PDA

View Full Version : Where does MONEY fit into your CDing picture?



Wildaboutheels
12-21-2018, 01:45 PM
Money as in not how much money you can devote to your presentation, but your JOB.

You dare not ever leave the safety of your house, because of fear of losing your source of income/being fired if discovered out in the RW "dressed"?

Chances are good that friends, relatives and coworkers finding out are also part of the money question?

Bonus question (mostly) for the many retired folks here. Did you wait until you retired to escape your closet or was that at least your plan? Has being retired turned out to be all that you expected as far as your CDing?

Tracii G
12-21-2018, 02:24 PM
I dressed when I was working and never gave it any thought because CDing isn't against the law and if were fired because of CDing I would take it to court.
No company would fire you over a hobby you do at home.
I never cared if anyone "found out".
Retirement is awesome I am finally free to enjoy life and not have to deal with massive amounts of stress.

Robertacd
12-21-2018, 02:46 PM
I am not at all worried about losing my job if I came out or if anyone found out, I am more worried about losing life long relationships with friends and family.

Majella St Gerard
12-21-2018, 02:47 PM
As Tracii said it's not against the law, no worries here but I'm not in hiding.

Linda E. Woodworth
12-21-2018, 02:58 PM
Yes, I was concerned about losing my job over dressing. I worked in a very testosterone charged environment.

I admit that as I got older and ventured out into the world more I was concerned less and less about this.

I remember when my XO came into my office upset about a crossdresser in the crew! He'd found some briefs in the laundry that looked like woman's panties. I had to work to keep from laughing in his face as I sat there "underdressed" in panties and hose. I managed to calm him down and put the issue to rest without upsetting anyone. I didn't dare bring up my ballet lessons and those were in "male mode".

Now that I'm retired I care less about people finding out but it still concerns my wife and that matters to me. Also, we're still working out where Linda fits into retirement. It's a constant give and take.

On the plus side we're going away for a few days and one of those days is dedicated to "Linda Shopping"! I'll be in drab mode but looking through the racks for a wardrobe update.

Stephanie47
12-21-2018, 04:10 PM
Some of my first forays outside the home was taking drives and strolls in the late evening. That was way before this site was around. The endless compulsion to "Just do It" was overwhelming. Yes, there was an element of peril involved. I did have a meet and greet sort of job. It was always in the back of my mind there was a possibility of ending up in the emergency room after a car accident with our local newspaper blaring a bold headline; "Crossdresser injured in car accident wearing dress and heels." Why? A long time ago in my neighborhood a cross dresser did commit suicide by burning his house down around him. I still remember his name. When the first department arrived he held them at bay by shooting out the door while he sat in his recliner. The news article described with some morbidity his charred remains were found in the chair and he was wearing strap on heels. Talk about a hell of a way to go. This was back circa 1979. No way did I want to titillate the local media. Maybe some sense was knocked into me or I had my desires fulfilled.

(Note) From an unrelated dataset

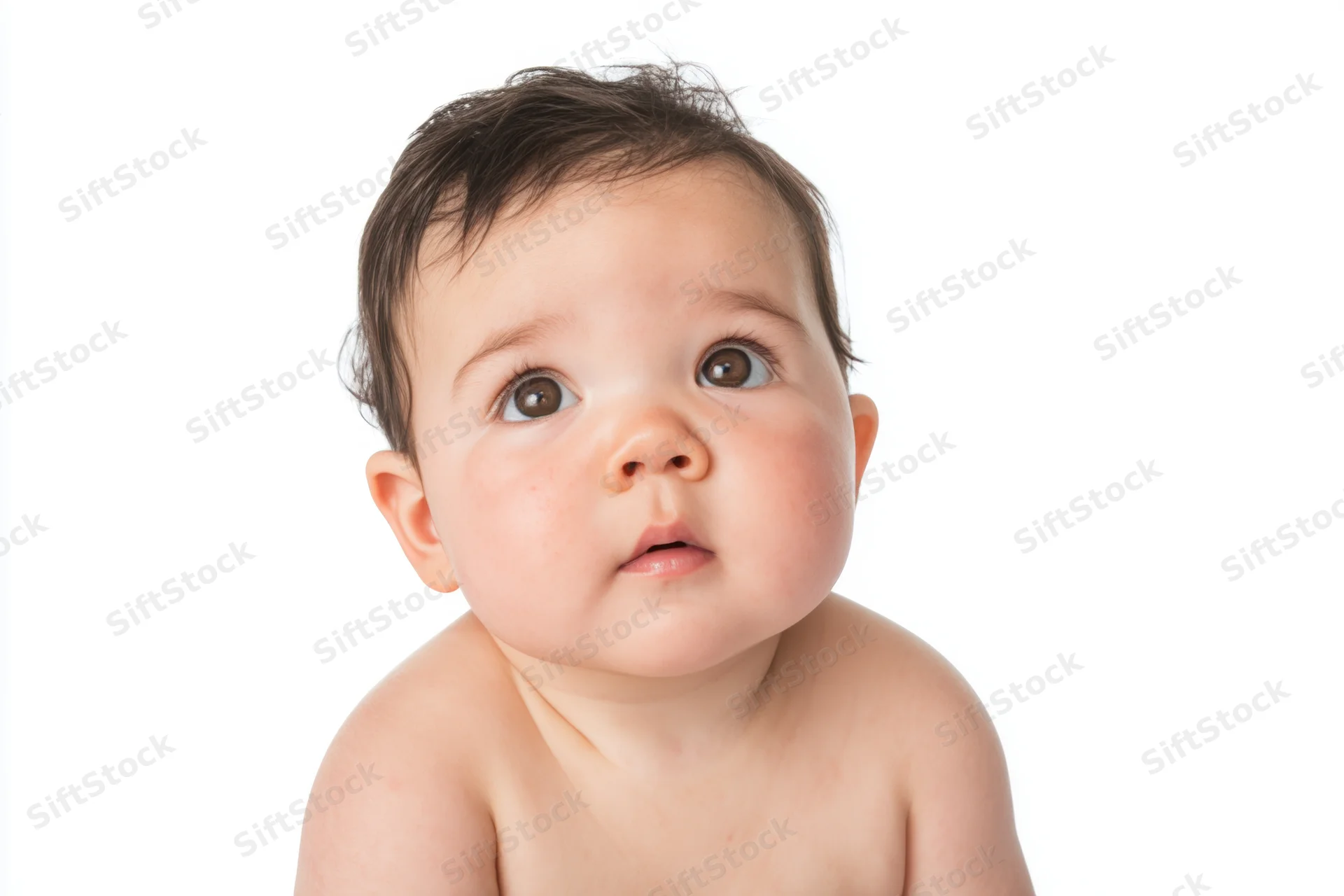 Close-up portrait of a baby with rosy cheeks and soft skin against white background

As a retiree I still keep my desires within the home when my wife is at work. When she goes out of state I do go for evening drives and strolls. I am not fearful of being discovered. However, I realize my cross dressing is a shared secret with my wife, and, any negativity coming from it would also be shared.

Right now I have been retired more more than ten years. My wife still works maybe one or two full days per week which gives me time to be en femme. When she does finally fully retire that will have a serious impact on my ability to be en femme.

Macey
12-21-2018, 04:15 PM
Y'know, I think that if I pressed it, I wouldn't lose my job if I wanted to show up 'en femme'. But, it would be an awkward adjustment for all concerned and they don't pay me to be a distraction and make work awkward for myself and others.

Joan58
12-21-2018, 04:54 PM
As I am self employed no worry about the boss finding out. He all ready knows. I dress as I please everyday, and have very few "male" items left in my wardrobe.

ToniG
12-21-2018, 04:59 PM
As a retired Senior--don't have job issues. Having my own place (not shared) for a number of yrs now has provided for "unrestricted Dressing" at any time. But-- with "fixed-income" spending IS an issue!! Have to be careful to keep the Pink Fog under control!!!! :) When I was still working---wore panties on occasion- but that was it. Toni G..

Tracii G
12-21-2018, 05:07 PM
Linda I worked in the trucking industry for 40+ years and talk about testosterone filled environment !!!!
I never really cared and dropped enough hints about being gay but never had any problems.
Did they think I was kidding I don't know?
I am still friends with a lot of the guys I worked with.

Lea
12-21-2018, 05:41 PM
I never went out when I working except for Halloween with my wife. I worked in a small town and my employer had an employment clause that you could be let go for anything that they determined may bring negative attention upon them. The closer I got to retirement the more nervous I became.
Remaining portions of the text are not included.